Le Roman de Renart

par

L’autorité du clergé

À l’époque féodale, l’autre pouvoir aussi absolu que l’autorité monarchique est le pouvoir du clergé. Le Roman de Renart s’attaque également avec le même humour au clergé. A diverses occasions, les personnages du livre font la rencontre de membres du clergé et à chaque fois, ces prêtres font preuve soit de faiblesse de caractère, soit de bêtise. Mais ils sont invariablement les victimes des mauvais tours de Renart et de ses compères.

« … et chemin faisant, ils riaient de bon cœur, Primaut surtout, de la sottise du Prouvère, qui avait pu donner une si bonne bête pour quelques habits. »

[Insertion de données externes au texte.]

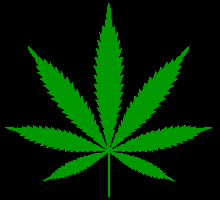 Cannabis sativa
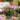 Buddleja Butterfly Candy 'Little Pink' 9cm/1L/2L/3L
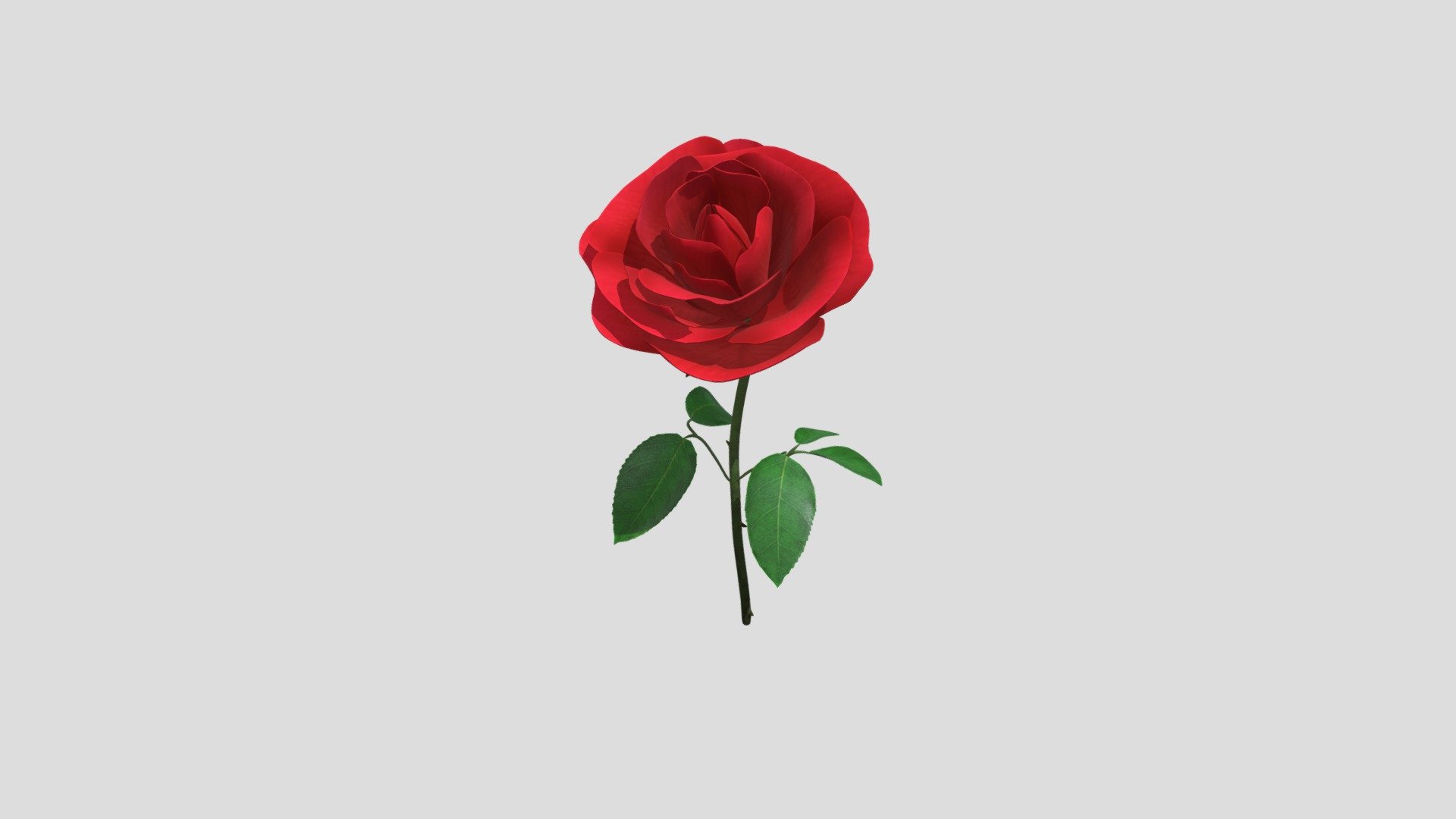Rose - 3D model by 1930208040 [5f0e439] - Sketchfab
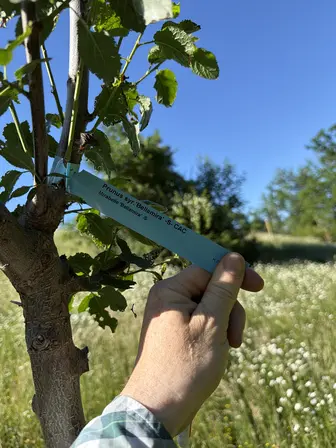 Foto treephoto-gfyxdrhlusd56d8kq111vsl3.jpeg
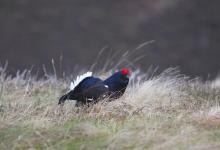 Black Grouse DM0997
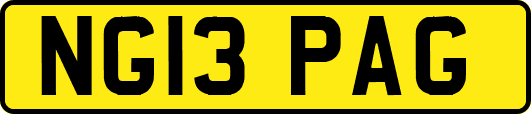 NG13PAG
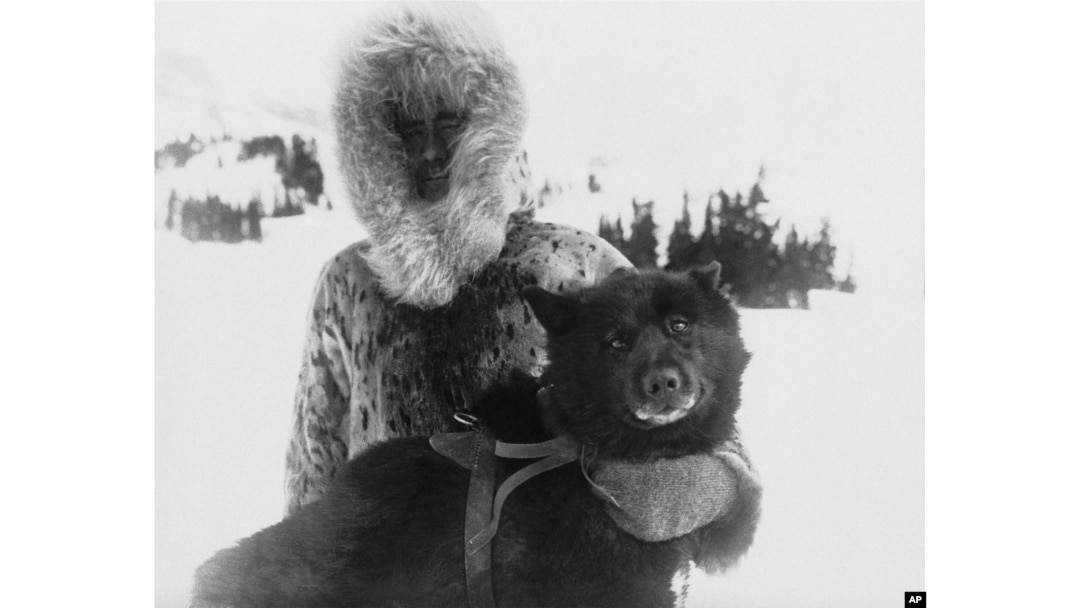 Gunnar Kaasen, shown with his dog Balto, the heroic dogsled team leader, are shown in the early 1920s. (AP Photo)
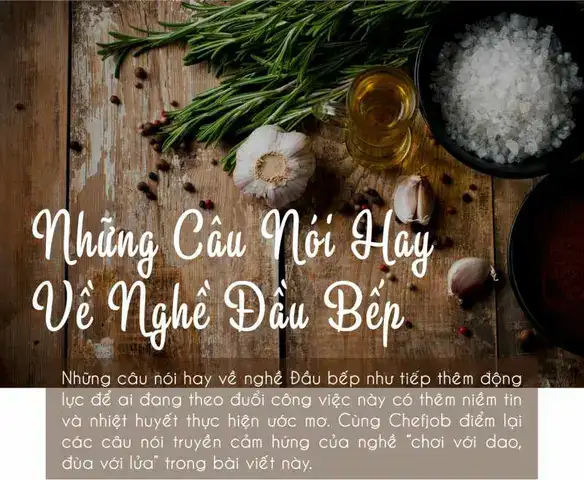 những câu nói hay về nghề đầu bếp những câu nói hay về nghề đầu bếp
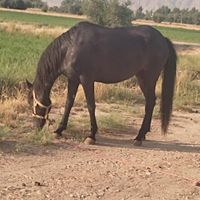 نریان کرد|اسب و تجهیزات اسب‌سواری|تهران, آبشار|دیوار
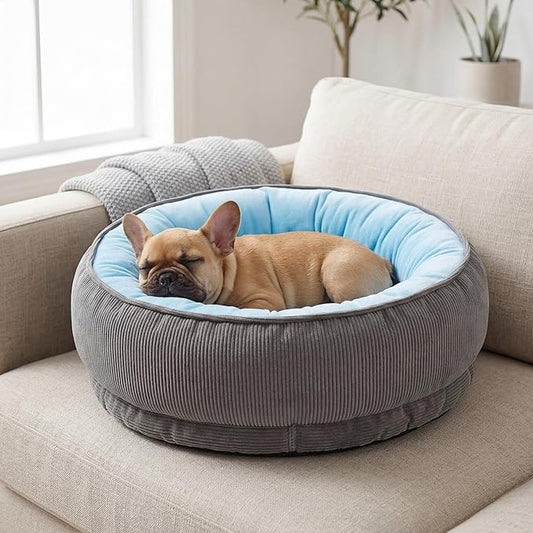 Calming Dog Bed for Small Dogs 18"x20" - Washable Donut Pet Bed with Anti-Slip Bottom, Soft Puppy Bed for Indoor Kittens and Cats with Removable Cover (Sky Blue)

On n’a alors aucun mal à percevoir le manque de déférence envers les membres du clergé, mais aussi l’absence de référence à Dieu dans l’œuvre et le manque de respect envers la fonction cléricale. Pour des contes du Moyen-Âge, il est rare qu’il n’y ait aucune référence à la figure divine. De même les agissements des personnages démontrent qu’ils ne se soucient aucunement du salut d’une quelconque âme. Et quand ils invoquent le Saint-Esprit ou des Saints, c’est sans la moindre sincérité.

On verra comment Renart abusera son compère ivre en le faisant entrer dans une église pour y faire dire la messe après avoir revêtu les habits de l’office de prêtre ; comment il abandonnera ce dernier à la vengeance du prêtre et de ses ouailles ; et enfin comment il le conduira à sa perte après avoir juré qu’il ne lui voulait aucun mal.

Le Roman de Renart se distingue des autres contes d’alors par cette absence d’intervention divine et de référence à l’âme et à son salut. Les seules instances dans lesquelles le souvenir de certains saints est invoqué ne servent qu’à faire gagner en malices les ruses de Renart. Plus encore, il y a un dédain absolu pour la fonction cléricale dans les contes. Ainsi les auteurs n’hésitent pas à faire porter à des animaux la chasuble de prêtre et à leur faire dire une parodie de messe.

« Primaut, la chasuble sur le dos, monte à l’autel, ouvre le missel, tourne et retourne les feuillets ; il pousse des hurlements qu’il regarde comme autant de traits mélodieux. ».

Somme toute, le Roman de Renart tourne en ridicule l’ensemble des autorités les plus puissantes du Moyen-Âge européen. Et même s’il ne fait pas des vilains des personnages plus nobles, il s’abstient de faire un portrait d’eux aussi peu flatteur que celui qui est fait de la noblesse et du clergé. On comprend alors comment cette œuvre écrite a connu une telle diffusion, grâce à la tradition orale, à une époque où la plupart de la population ne savait pas lire.